O Bloco deslocou-se, este domingo (25 de Novembro) ao porto do Caniçal, onde abordou a questão da greve dos estivadores.
“Têm surgido notícias falsas, alarme sobre rotura de abastecimentos e a culpar os estivadores e a greve.
Ainda não houve rotura. É uma chantagem sobre os trabalhadores, para condicionar a opinião pública contra estes trabalhadores que só querem ser respeitados, que se cumpra a Lei, um contrato de trabalho justo e salário digno”, afirmou Paulino Ascenção.
O coordenador do BE Madeira reconheceu que há, sim, “risco de rotura, não por causa da greve, mas por capricho dos patrões. Usam todo o poder que dispõem – e é imenso – para defender os seus próprios interesses”.
“O monopólio tem toda a cadeia de abastecimento nas mãos – os navios porta contentores, a concessão do porto, a empresa do trabalho portuário, transitários, empresas de camionagem, a produção da electricidade do fornecimento de gás. Negócios protegidos, onde não há concorrência. O monopólio pode parar a Madeira e vai dizer que a culpa é dos estivadores. Este o grande perigo, o imenso poder nas mãos de um grupo privado, não são os estivadores”, defendeu, deixando ainda críticas ao Governo Regional, a quem chama de “agachado” e “submisso”.

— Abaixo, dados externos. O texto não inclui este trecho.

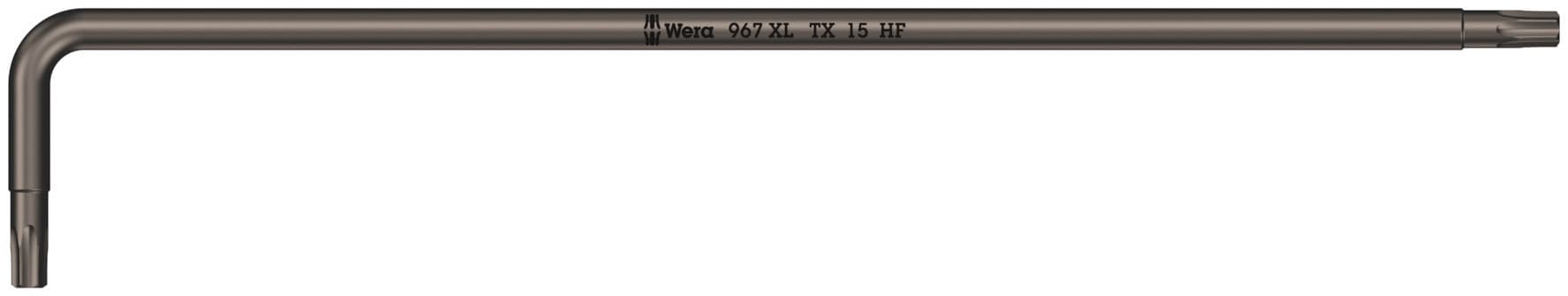 Ключ Г-образный 967 XL HF TORX с функцией фиксации крепежа удлиненный TX 15X123 мм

“O PSD prometeu acabar com o privilégio no porto, mas nada. Tem medo. A sua covardia política mede-se pela gritaria e insultos contra Lisboa, só servem para esconder a sua incapacidade”, reiterou.
A ‘farpa’ foi extensível ao Partido Socialista enquanto principal partido da oposição. “O PS que quer ser mudança diga; se quer comprometer-se em fazer respeitar a Lei e defender o interesse geral ou quer continuar a alimentar o monopólio”, desafiou o bloquista.